I use Claude Code a lot, but I don't understand these "I'm doing 10X the work" comments.
I spend a lot of time reviewing any code that comes out of Claude Code. Even using Opus 4.6 with max effort there is almost always something that needs to be changed, often dramatically.
I can see how people go down the path of thinking "Wow, this code compiles and passes my tests! Ship it!" and start handing trust over to Opus, but I've already seen what this turns into 6 months down the road: Projects get mired down in so much complexity and LLM spaghetti that the codebase becomes fragile. Everyone is sidetracked restructuring messy code from the past, then fighting bugs that appear in the change.
I can believe some of the more recent studies showing LLMs can accelerate work by circa 20% (1.2X) because that's on the same order of magnitude that I and others are seeing with careful use.
When someone comes out and claims 10X more output, I simply cannot believe they're doing careful engineering work instead of just shipping the output after a cursory glance.
That's part of why I don't get AI for directly writing code at all. If I am going to be reviewing anything that comes out of it (and I will) then I might as well just write it myself. It's easier and faster, although it does also make it easier to fall victim to blind spots.
I find that it's relative to the amount of planning time you spend... I feel like I've gotten around 5x the output while using Claude Code w/ Opus over what I will get done myself... That said, I'm probably spending about 3x as much time planning as I would when just straight coding for/by myself. And that's generally the difference.
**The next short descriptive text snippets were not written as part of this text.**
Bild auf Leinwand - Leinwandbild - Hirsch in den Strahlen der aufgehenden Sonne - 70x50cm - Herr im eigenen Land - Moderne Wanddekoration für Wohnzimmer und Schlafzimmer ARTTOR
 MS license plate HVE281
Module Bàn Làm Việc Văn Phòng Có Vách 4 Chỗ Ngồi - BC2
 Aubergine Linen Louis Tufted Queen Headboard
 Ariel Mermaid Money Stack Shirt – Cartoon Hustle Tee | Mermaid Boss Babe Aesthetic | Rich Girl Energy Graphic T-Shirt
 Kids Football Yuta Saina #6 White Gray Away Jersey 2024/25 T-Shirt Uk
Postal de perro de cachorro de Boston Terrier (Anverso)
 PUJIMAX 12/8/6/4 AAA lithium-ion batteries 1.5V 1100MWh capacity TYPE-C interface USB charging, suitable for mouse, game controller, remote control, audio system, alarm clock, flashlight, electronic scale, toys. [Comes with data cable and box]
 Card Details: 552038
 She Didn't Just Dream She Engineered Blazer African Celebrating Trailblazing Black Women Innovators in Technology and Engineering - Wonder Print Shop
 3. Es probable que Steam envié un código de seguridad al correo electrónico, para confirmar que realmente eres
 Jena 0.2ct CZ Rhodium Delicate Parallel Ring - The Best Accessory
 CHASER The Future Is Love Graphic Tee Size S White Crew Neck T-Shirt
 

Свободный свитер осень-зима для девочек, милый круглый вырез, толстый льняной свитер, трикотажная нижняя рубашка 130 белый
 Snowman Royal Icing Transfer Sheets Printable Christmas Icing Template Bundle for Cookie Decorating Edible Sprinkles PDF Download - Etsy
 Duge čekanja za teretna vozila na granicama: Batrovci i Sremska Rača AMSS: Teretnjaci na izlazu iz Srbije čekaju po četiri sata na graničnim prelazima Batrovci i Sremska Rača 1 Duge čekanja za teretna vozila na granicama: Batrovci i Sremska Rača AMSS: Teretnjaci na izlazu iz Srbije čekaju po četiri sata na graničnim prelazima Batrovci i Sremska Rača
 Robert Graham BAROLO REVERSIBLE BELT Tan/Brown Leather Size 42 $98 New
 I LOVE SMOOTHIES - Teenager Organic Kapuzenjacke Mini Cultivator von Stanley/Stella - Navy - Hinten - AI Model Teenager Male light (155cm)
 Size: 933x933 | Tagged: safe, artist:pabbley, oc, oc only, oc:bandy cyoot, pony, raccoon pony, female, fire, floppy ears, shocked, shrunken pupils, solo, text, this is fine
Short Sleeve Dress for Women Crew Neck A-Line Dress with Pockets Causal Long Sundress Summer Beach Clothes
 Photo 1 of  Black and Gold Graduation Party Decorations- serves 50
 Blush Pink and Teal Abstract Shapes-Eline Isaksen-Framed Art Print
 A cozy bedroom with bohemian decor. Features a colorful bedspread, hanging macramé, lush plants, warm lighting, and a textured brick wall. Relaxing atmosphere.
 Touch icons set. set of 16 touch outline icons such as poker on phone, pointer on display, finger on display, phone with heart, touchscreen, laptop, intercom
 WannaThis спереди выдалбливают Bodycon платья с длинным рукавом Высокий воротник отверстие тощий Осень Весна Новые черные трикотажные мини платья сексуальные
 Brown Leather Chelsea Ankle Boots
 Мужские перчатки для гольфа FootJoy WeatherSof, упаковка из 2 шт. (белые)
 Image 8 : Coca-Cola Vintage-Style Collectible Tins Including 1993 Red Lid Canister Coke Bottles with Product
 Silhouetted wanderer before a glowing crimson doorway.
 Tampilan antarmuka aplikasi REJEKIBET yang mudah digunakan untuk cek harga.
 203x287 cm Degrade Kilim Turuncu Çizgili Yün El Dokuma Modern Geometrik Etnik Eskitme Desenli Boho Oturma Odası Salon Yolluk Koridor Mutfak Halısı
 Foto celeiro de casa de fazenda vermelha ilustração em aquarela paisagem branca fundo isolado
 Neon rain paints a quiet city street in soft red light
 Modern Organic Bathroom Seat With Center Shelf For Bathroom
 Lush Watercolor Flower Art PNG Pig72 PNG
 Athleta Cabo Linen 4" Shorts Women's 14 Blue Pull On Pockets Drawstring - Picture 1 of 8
I can use the agent to scaffold a lot of test/demo frameworks around the pieces I'm working on pretty cleanly and have the agent fill in. I still spend a lot of time validating the tests and the code being completed though.
The errors I tend to get from the agent are roughly similar to what I might see from a developer/team that works remotely... you still need to verify. The difference is the turn around seems to be minutes over days. You're also able to observe over simply review... When I see a bad path, I can usually abort/cancel, revert back to the last commit and try again with more planning.